Only one stretch of the data below is needed. Output the lines from the one with "2018 BMW 750i 750i" up to and including the one with "4 chambres maison", exactly as they stand.
EXTRACTED ENTRIES below:
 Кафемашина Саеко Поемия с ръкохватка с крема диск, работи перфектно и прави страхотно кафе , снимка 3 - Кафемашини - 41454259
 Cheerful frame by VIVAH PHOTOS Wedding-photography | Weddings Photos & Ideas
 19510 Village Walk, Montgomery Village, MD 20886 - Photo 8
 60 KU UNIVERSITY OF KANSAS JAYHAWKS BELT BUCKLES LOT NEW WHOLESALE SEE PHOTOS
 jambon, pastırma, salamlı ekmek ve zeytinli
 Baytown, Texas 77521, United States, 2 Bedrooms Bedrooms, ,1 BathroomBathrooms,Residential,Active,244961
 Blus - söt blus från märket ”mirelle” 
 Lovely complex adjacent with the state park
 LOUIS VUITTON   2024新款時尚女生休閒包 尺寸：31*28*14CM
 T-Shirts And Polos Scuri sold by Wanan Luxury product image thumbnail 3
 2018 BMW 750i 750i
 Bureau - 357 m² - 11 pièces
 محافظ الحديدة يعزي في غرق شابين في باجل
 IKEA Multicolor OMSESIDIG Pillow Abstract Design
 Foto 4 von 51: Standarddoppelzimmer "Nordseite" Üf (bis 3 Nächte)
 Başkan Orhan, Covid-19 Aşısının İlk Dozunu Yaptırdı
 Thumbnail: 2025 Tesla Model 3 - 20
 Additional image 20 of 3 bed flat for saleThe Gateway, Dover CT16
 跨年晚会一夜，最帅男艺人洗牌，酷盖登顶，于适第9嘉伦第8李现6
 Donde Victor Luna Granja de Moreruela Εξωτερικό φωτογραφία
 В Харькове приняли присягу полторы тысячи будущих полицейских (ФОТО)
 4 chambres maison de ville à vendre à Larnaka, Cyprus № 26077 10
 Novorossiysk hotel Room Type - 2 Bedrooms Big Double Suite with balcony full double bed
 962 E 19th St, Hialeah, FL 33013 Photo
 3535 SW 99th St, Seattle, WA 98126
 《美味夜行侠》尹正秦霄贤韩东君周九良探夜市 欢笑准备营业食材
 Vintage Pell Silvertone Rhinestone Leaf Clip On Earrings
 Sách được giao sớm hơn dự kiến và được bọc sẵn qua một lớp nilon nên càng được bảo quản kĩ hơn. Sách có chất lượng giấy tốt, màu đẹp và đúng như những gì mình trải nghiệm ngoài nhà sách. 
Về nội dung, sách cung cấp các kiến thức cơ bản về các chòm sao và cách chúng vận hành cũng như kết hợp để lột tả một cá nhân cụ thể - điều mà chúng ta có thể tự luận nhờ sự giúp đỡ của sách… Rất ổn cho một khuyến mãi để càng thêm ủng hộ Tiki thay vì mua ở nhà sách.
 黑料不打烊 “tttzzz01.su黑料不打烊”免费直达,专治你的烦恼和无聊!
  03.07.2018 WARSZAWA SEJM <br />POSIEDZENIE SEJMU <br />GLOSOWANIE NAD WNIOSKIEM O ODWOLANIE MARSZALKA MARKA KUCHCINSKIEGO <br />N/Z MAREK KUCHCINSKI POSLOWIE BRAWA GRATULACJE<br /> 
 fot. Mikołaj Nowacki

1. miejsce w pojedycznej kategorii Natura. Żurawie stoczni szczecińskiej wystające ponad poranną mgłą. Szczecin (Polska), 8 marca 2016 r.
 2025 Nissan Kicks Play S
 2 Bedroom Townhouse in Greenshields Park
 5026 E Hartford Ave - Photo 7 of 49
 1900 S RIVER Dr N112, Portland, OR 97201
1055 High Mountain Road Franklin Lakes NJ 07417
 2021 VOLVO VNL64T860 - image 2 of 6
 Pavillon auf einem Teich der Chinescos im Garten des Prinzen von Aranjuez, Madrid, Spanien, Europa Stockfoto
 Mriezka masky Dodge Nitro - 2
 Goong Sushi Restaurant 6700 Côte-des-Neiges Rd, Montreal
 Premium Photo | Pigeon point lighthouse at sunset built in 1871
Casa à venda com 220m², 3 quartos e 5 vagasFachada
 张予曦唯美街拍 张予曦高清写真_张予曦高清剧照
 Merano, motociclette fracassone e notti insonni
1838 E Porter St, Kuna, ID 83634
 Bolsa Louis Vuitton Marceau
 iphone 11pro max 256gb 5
End of EXTRACTED ENTRIES.
RESULT OF THE TASK:
 2018 BMW 750i 750i
 Bureau - 357 m² - 11 pièces
 محافظ الحديدة يعزي في غرق شابين في باجل
 IKEA Multicolor OMSESIDIG Pillow Abstract Design
 Foto 4 von 51: Standarddoppelzimmer "Nordseite" Üf (bis 3 Nächte)
 Başkan Orhan, Covid-19 Aşısının İlk Dozunu Yaptırdı
 Thumbnail: 2025 Tesla Model 3 - 20
 Additional image 20 of 3 bed flat for saleThe Gateway, Dover CT16
 跨年晚会一夜，最帅男艺人洗牌，酷盖登顶，于适第9嘉伦第8李现6
 Donde Victor Luna Granja de Moreruela Εξωτερικό φωτογραφία
 В Харькове приняли присягу полторы тысячи будущих полицейских (ФОТО)
 4 chambres maison de ville à vendre à Larnaka, Cyprus № 26077 10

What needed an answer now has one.